Planck also discovers $E=mc^2$, and published after Einstein (but I would bet his work was independent). He just refuses to accept that Einstein's argument is correct, and says his argument is the correct one. This is possibly because of his bitterness at being scooped at such an important result. From this attack come all future error claims.
Ohanian's book in general gets everything wrong. Here is a complete list of Einstein's mistakes (I put an expanded version of this on Wikipedia years ago, but it slowly got reworded, watered down, and moved. That gradual process, of course, was the work of Satan):
Einstein's mistakes
- 1905: In the original German version of the special relativity pape, Einstein gives the transverse mass as $ m/(1 - v^2/c^2)$, while the actual value is $ m/\sqrt{1 - v^2/c^2}$ (Max Planck corrected this).
- 1905: In his PhD dissertation, the friction in dilute solutions has an miscalculated numerical prefactor, which makes the estimate of Avogadro’s number off by a factor of 3. The mistake is corrected by Einstein in a later publication.
- 1905: An expository paper explaining how airplanes fly includes an example which is incorrect. There is a wing which he claims will generate lift. This wing is flat on the bottom, and flat on the top, with a small bump at the center. It is designed to generate lift by Bernoulli’s principle, and Einstein claims that it will.

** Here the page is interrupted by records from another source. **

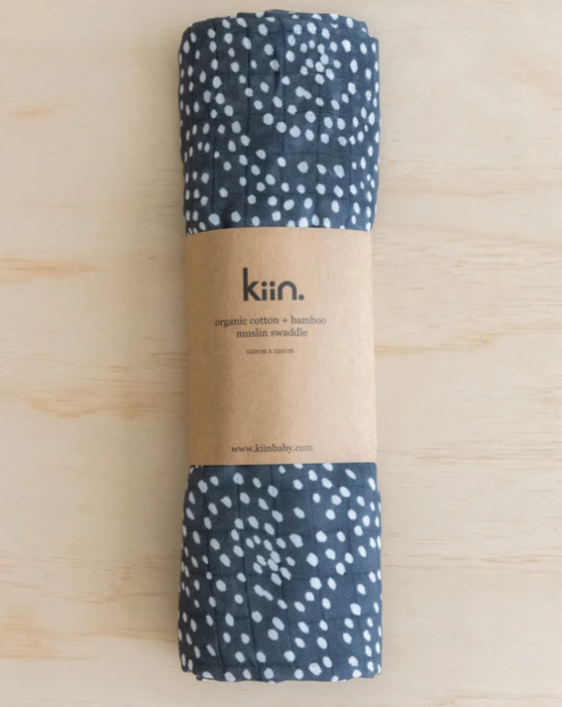 Organic Cotton + Bamboo Muslin Swaddle - Dusk Baby Essentials Kiin Baby   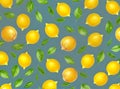 Floral lemons leaves volumetric pastel tones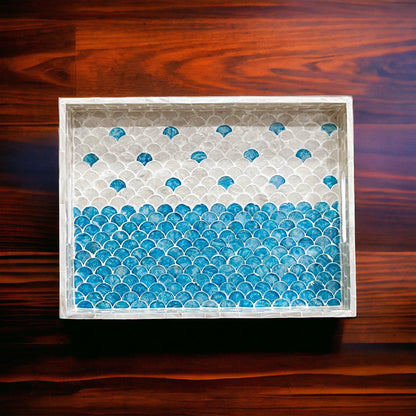 Rectangular Blue & White Mother of Pearl Scallop Inlay Tray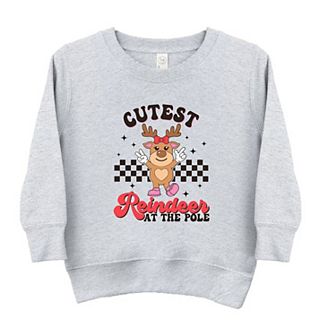 Cutest Reindeer At The Pole Toddler Graphic Sweatshirt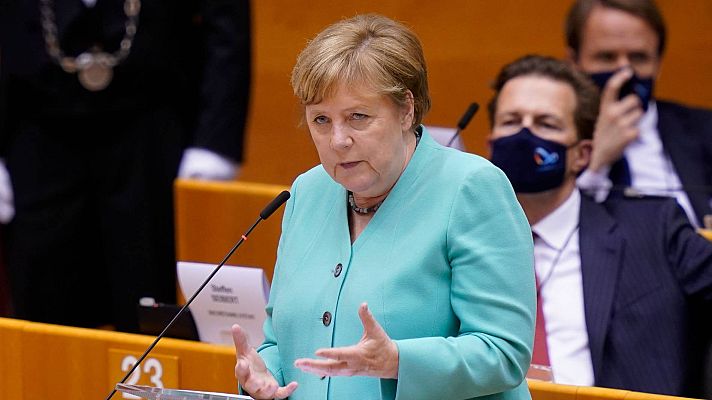 Telediario 1 - Merkel asegura que la gravedad de la crisis hace necesario un compromiso europeo este verano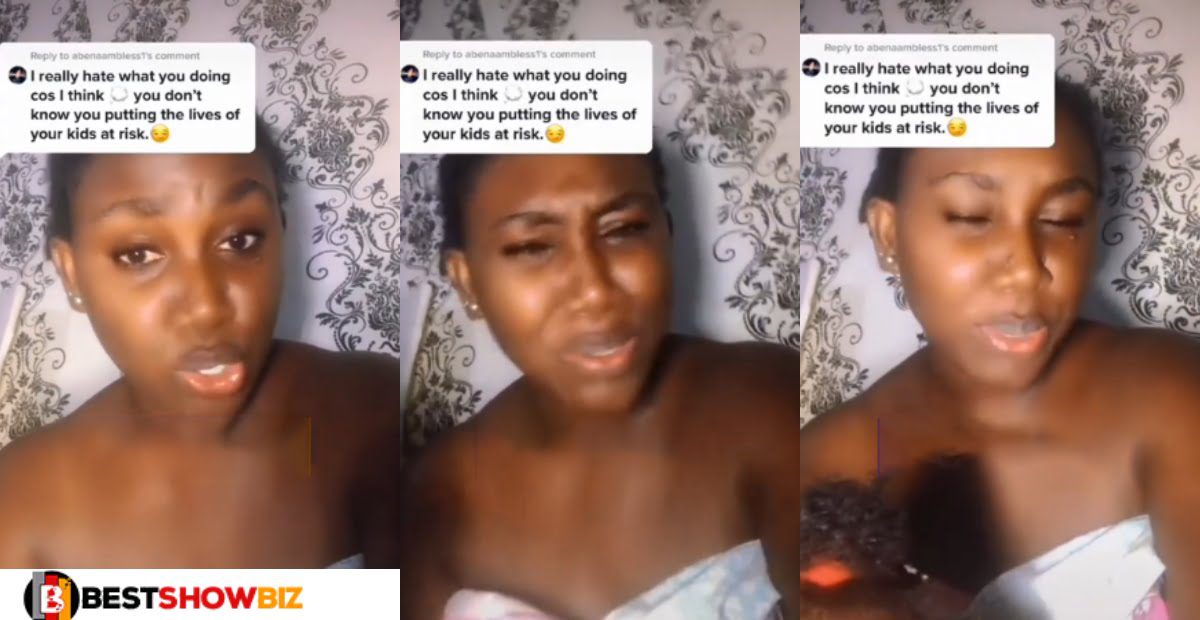 Baby Mama of Funny face completely destroys a fan on social media for saying she was endangering the lives of her kids (video)
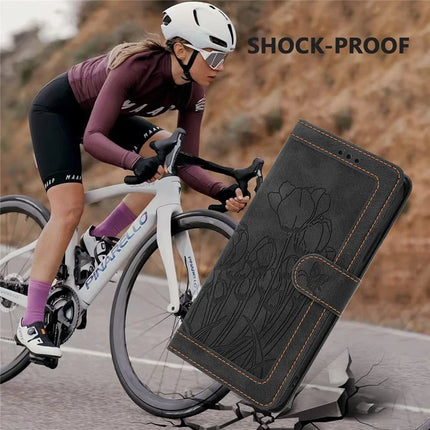 Leather Case for iPhone SE (2022) / SE (2020) / 8 / 7 / 6s / 6 Tulip Phone Cover with 5 Card Slots Wallet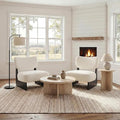 Beige Furry Living Room Chairs Set of 2 Cozy Upholstered Armless Accent Chair for Bedroom Black Wood Frame Vintage Modern Lounge Reading Chair for Apartment Waiting Room Office Beige
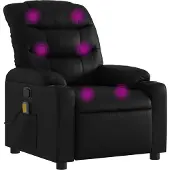 Syfax Sillón reclinable de masaje en piel sintética negra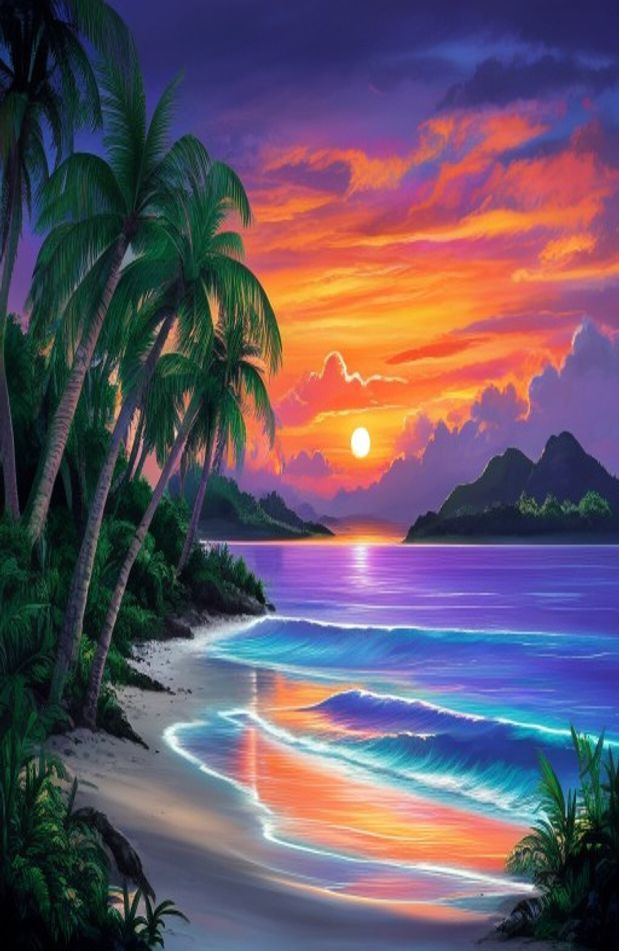 Tropical Island Sunset AI Wallpaper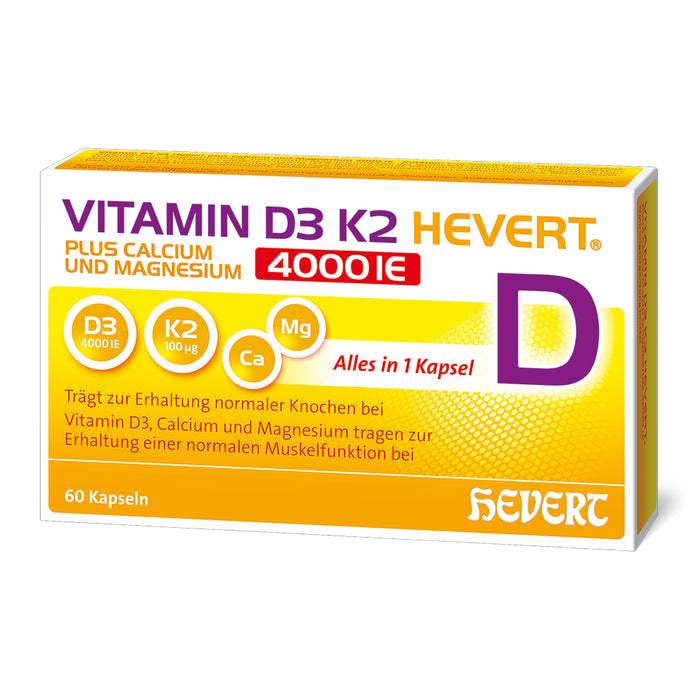 Vitamin D3 K2 Hevert  plus Calcium und Magnesium 4000 IE, 60 St., 60 St. Kapseln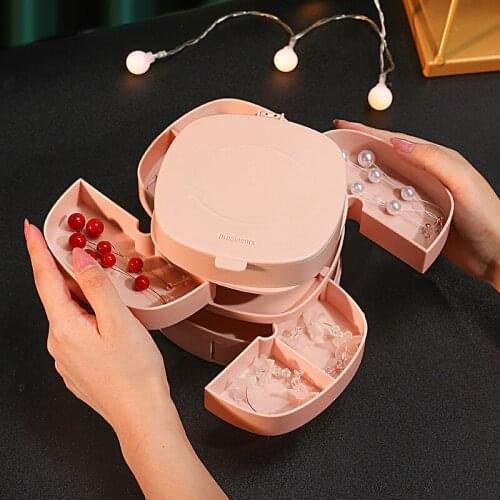 Net Red Rotating Jewelry Box Necklace Earrings Earring Holder Small Exquisite Hand Jewelry Multilayer Storage Box *9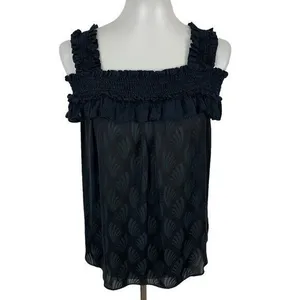 Anthropologie Black Smocked Ruffle Strap Sleeveless Textured‎ Boho Tank Top S thumbnail 2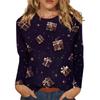 Рубашки с длинным рукавом для женщин Милые принты Футболки Блузки Повседневные Большие размеры Базовые топы Пуловеры Рождественские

Simple action reaction considerations, though, show that the wing will not generate lift, at least if it is long enough.
- 1913: Einstein started writing papers based on his belief that the hole argument made general covariance impossible in a theory of gravity. Einstein realized he was wrong in 1915, and finds General Relativity.
- 1922: Einstein published a qualitative theory of superconductivity based on the vague idea of electrons quantum-mechanically shared in orbits. This paper predated modern quantum mechanics, and is well understood to be completely wrong. Einstein's paper is more of an old-quantum-mechanical version of the modern explanation of ordinary conductivity.
- 1937: Einstein believed that the focusing properties of geodesics in general relativity would lead to an instability which causes plane gravitational waves to collapse in on themselves. While this is true to a certain extent in some limits, because gravitational instabilities can lead to a concentration of energy density into black holes, for plane waves of the type Einstein and Rosen considered in their paper, the instabilities are under control. Einstein retracted this position a short time later, but his collaborator Nathan Rosen maintained that gravitational waves are unstable until his death.
- 1939: Einstein denied several times that black holes could form, the last time in print. He published a paper that argues that a star collapsing would spin faster and faster, spinning at the speed of light with infinite energy well before the point where it is about to collapse into a black hole. This paper received no citations, and the conclusions are well understood to be wrong. Einstein’s argument itself is inconclusive, since he only shows that stable spinning objects have to spin faster and faster to stay stable before the point where they collapse. But it is well understood today (and was understood well by some even then) that collapse cannot happen through stationary states the way Einstein imagined.
There's other mistakes that are not mistakes, but philosophical things:
- In the Bohr-Einstein debates and the papers following this, Einstein tries to poke holes in the uncertainty principle, ingeniously, but unsuccessfully.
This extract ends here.